Filter the entries down to the lines holding "Dress", then copy those lines.

*** Input for this task Section Begins ***

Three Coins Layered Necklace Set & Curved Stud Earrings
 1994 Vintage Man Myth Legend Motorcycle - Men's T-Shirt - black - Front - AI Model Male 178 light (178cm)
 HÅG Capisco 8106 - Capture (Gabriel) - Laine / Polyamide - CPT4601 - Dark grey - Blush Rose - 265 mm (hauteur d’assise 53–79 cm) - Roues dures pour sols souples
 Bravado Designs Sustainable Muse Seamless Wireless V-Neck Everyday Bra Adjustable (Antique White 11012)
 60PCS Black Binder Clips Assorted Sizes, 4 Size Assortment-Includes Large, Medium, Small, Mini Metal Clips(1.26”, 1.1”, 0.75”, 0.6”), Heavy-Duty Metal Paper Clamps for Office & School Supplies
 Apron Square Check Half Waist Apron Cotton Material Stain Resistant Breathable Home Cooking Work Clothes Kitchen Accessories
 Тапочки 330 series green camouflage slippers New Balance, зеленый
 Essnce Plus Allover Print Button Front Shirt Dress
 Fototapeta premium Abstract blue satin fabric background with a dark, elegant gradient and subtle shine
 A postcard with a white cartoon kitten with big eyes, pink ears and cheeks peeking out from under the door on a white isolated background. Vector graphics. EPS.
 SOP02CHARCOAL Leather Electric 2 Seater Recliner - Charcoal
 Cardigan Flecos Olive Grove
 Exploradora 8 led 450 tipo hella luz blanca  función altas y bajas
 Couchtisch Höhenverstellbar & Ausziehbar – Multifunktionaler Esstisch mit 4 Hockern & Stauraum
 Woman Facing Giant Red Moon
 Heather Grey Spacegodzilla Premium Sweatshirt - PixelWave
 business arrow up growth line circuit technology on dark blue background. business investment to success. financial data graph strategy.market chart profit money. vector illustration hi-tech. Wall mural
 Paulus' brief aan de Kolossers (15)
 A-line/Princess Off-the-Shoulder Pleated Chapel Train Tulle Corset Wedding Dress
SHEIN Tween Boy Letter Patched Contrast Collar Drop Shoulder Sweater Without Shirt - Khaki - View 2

*** Input for this task Section Ends ***

Exercise response
 Essnce Plus Allover Print Button Front Shirt Dress
 A-line/Princess Off-the-Shoulder Pleated Chapel Train Tulle Corset Wedding Dress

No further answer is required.